Looking to the future, an 8-story tower will rise from the academic base—making the building 11 stories in all—and feature versatile research space and offices for the researchers driving innovation. The tower will be sheathed in glass and designed with energy efficiency in mind—a modern structure for the 21st Century.
“We’re trying to root the building in IU history and the history of IU School of Medicine, while also looking forward—and ahead,” said Brett Hatchett, IU’s senior associate university architect.
The tower lends an air of formality, Hatchett says, and speaks to the more fixed, rigid aspects of medicine. The interior is open and warm, evoking the humanity.
This design blending old and new, formality and warmth, was approved in February by the IU Board of Trustees. Groundbreaking is expected this fall. Completion of the largest project in IU School of Medicine’s 120-year history—the school’s new flagship—is expected in November 2024.
More important than aesthetics, of course, is how the school’s new center of gravity will prepare future healers and be a catalyst for new research discoveries.
Here’s a glimpse of how plans are taking shape.
A Base for Medical Education
The interior’s most striking feature is a naturally lit atrium that extends from the ground to the third floor—neatly defined by a staircase that will trace an elegant, unbroken upward line.
Beyond providing a bright, airy atmosphere, the openness is intended to connect students to the people around them—to make them feel part of a community, Hatchett said. Limiting the space to three floors—and designing it so students will want to use the staircase—contributes to connectivity. It’s not bad exercise either.
The atrium’s ground floor is intended to be a gathering space for mingling and large events. It will be flanked by classrooms of various sizes, student support spaces, two large, tiered lecture halls and a café.
Levels 2 and 3 will feature smaller classrooms, a surgical skills center, simulation spaces, and the staples of any medical school—a library, practice exam rooms, and an extensive, modern anatomy lab.
But these levels will also feature a new wrinkle—12 “learning communities” meant to make the nation’s largest medical school feel more intimate. Each community will have it’s own common space, small classroom, small group study room, and a practice exam room.
Design principal Jerry Johnson, with the global architecture firm Perkins & Will, said these learning communities will be—during a student’s stay in medical school—much like their home, a place where lifelong friendships form and students draw support from others.
The communities will be clustered in threes, creating a slightly larger support network nearby—much like a neighborhood. All of it will be oriented around the atrium—the town square.
The geography—along with student support staff offices nearby—aims to ensure that students facing one of the most challenging phases of their career will have the backing they need. “Learning communities are really the heart of the building,” Hatchett said. “They are the center.”
The Tower: A Citadel for Innovation
Springing from the academic base, the eight-story research and office tower will bring the building’s total height to 11 stories.
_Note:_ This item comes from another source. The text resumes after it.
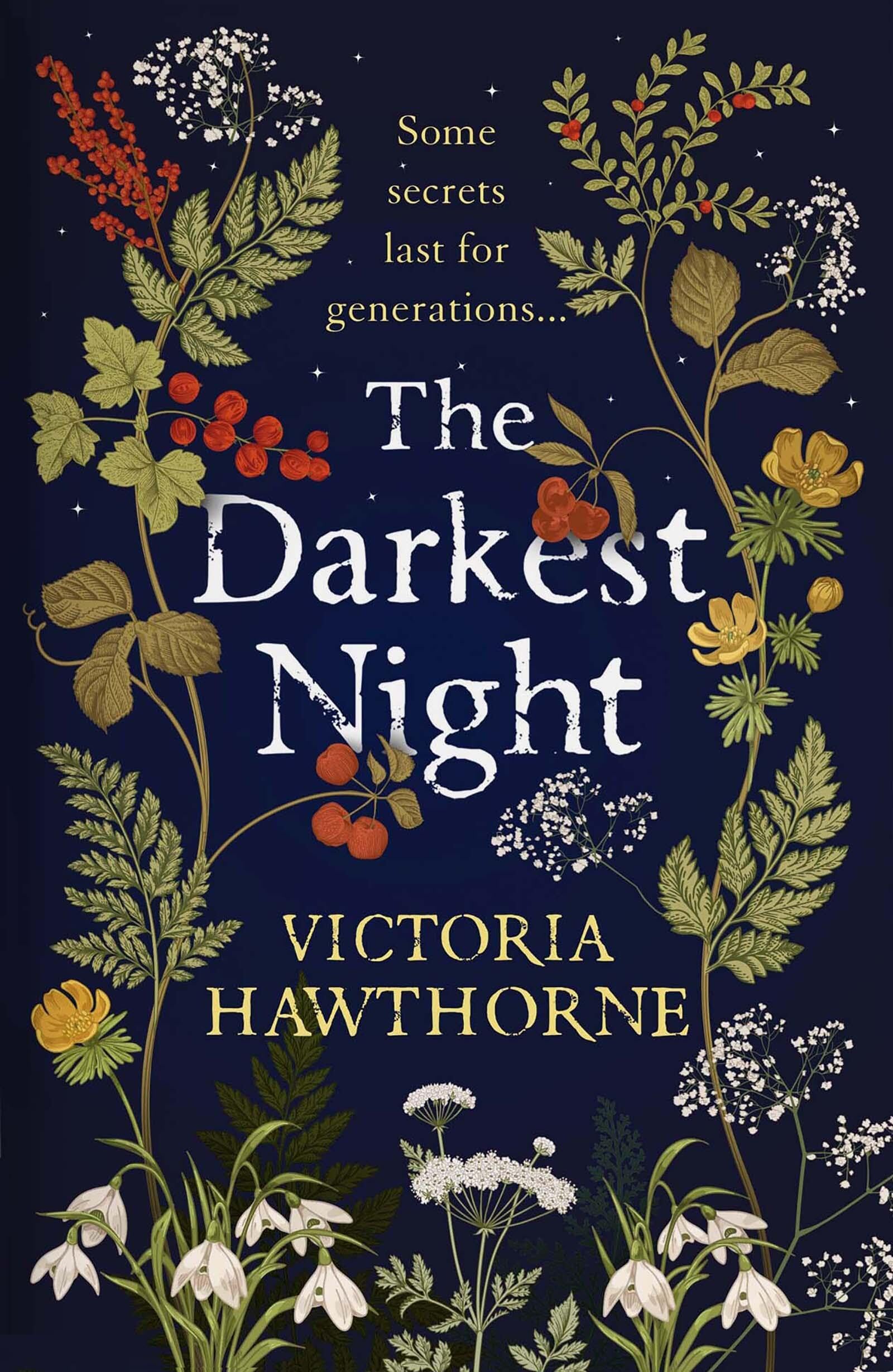 The Darkest Night: a twisty historical mystery to keep you reading through the night Contemporary literature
Widest on the north and south sides, the tower was designed to harmonize with the hospital across the street, which is expected to have three similarly oriented towers.
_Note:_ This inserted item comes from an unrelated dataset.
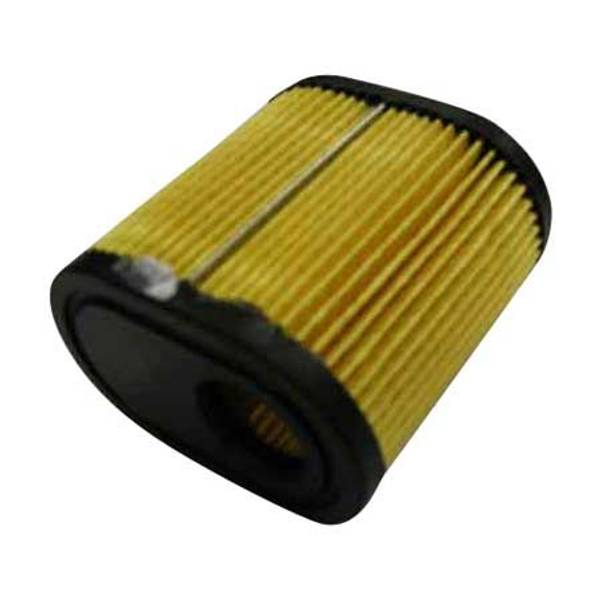 Photo of Lawn Mower Air Filter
“The goal has always been not to be a twin with the hospital but a cousin,” Hatchett said.
The tower will contain offices for faculty and mechanical spaces to keep it humming. But three floors will be devoted exclusively to future research and research support. This will prove vital for departments in need of room to grow, such as the neurosciences and cancer, where research discoveries by IU School of Medicine faculty and trainees will lead to the next medical breakthroughs.
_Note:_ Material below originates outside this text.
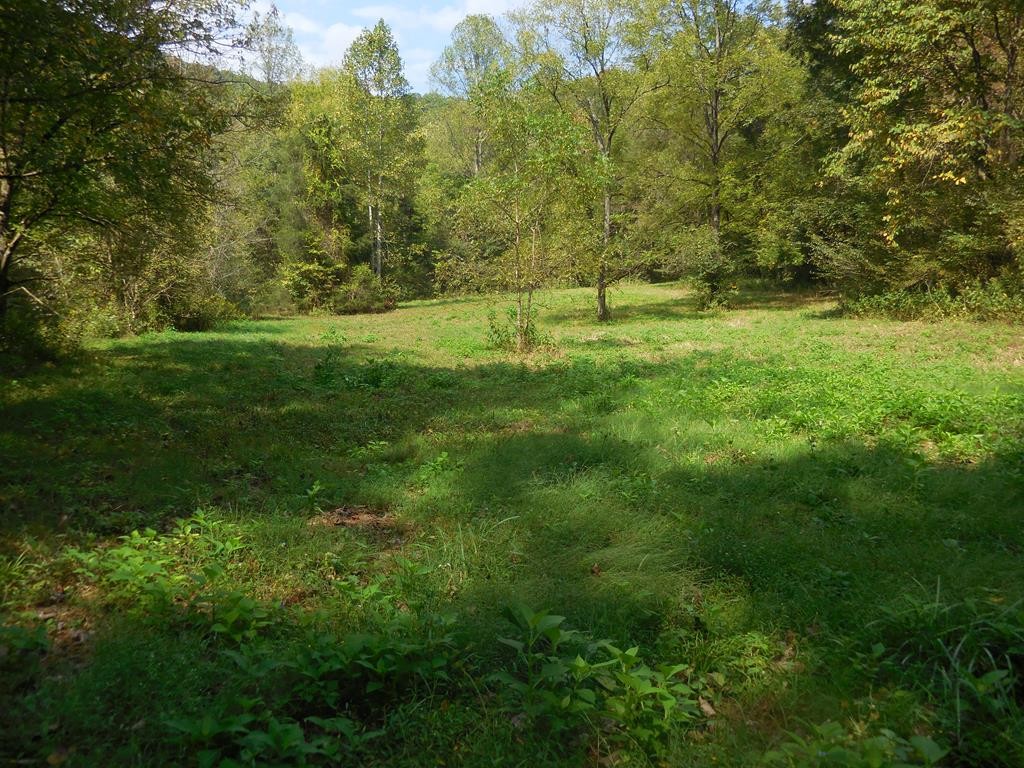 5154 Dry Mill Creek Hilham TN 38568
In addition to labs, the tower will feature areas where researchers can come together in collaborative spaces to share data and cultivate ideas. It will hold research cores where unique, state-of-the art equipment can be shared easily.
With its height and proximity to Interstate 65, the new building will give the School of Medicine a visibility like it’s never before enjoyed—a centerpiece for the school, Johnson said.
It will cozy up to Goodman Hall and the Neuroscience Research Building to the north, with the neuroscience building connected to the new building by an underground tunnel.
To the east, across a substantial green space and Senate Avenue, will be the mammoth new IU Health hospital, its proximity facilitating student clinical rotations, access to mentors and other opportunities.
Their juxtaposition will also serve as a tangible symbol of the cooperation between the medical school and the hospital. Together, they will comprise the heart of a revitalized midtown medical district.